Question

How do you evaluate the integral `int 1/sqrt(1-x)dx` from 0 to 1?

Answer 1

Use integration by substitution (u-substitution).

Explanation:

We can evaluate this integral using integration by substitution, or u-substitution. We pick some part of the integrand to set equal to some variable (such as `u`, but any variable is an option). Good places to look at first include under a radical or in the denominator. This is not always the case, but it is in this one.

We can set `u=1-x`

Therefore,

`du=-1dx`
`-du=dx`

We can substitute these values into our integral. We get:

`-int1/sqrtudu`

Which we can rewrite as:

`-intu^(-1/2)du`

Integrating, we get:

`-2u^(1/2)`

From here you have two options on evaluating for the given limits of integration. You can either choose now to substitute `1-x` back in for `u` and evaluate from 0 to 1, or you can change the limits of integration and evaluate with u. I will demonstrate both options.

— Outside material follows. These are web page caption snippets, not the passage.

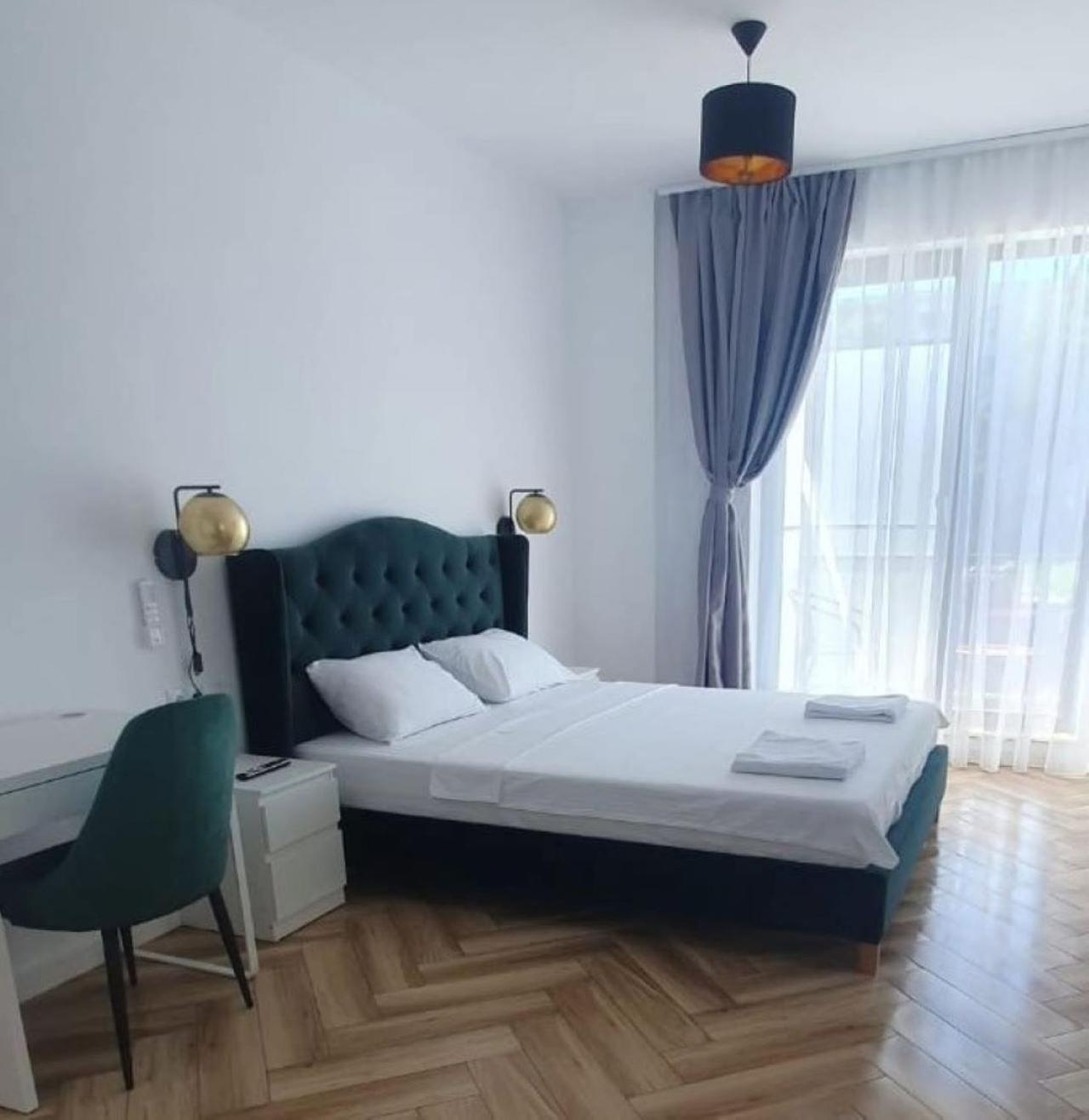 Cinque Stelle Hotel Apartments Kaloşvar Dış mekan fotoğraf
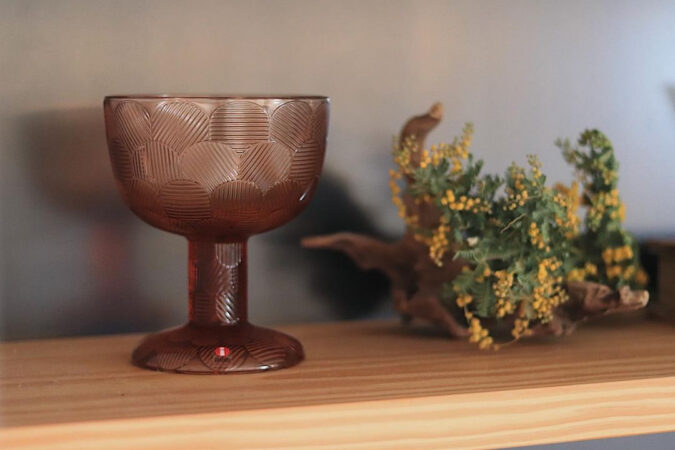 北欧の雰囲気を感じさせる多機能なグラス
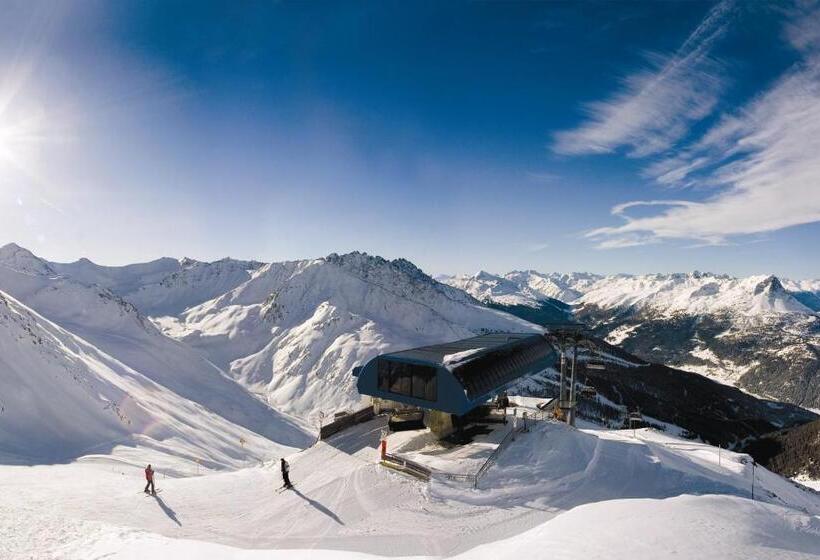 Четырехместный Номер Стандарт, Ibex Hostel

1. Substituting `1-x` back in for `u`,

`-2(1-x)^(1/2)`
`-2[(1-1)^(1/2)-(1-0)^(1/2)]`
`-2(-1)`

Final answer: 2

1. Changing limits of integration:

`u=1-x`

`u=1-(1)`
`u=0` (new upper limit)

`u=1-0`
`u=1` (new lower limit)

Evaluating, we have

`-2[(0)^(1/2)-(1)^(1/2)]`
`-2(-1)`

Final answer: 2

Hope this helps!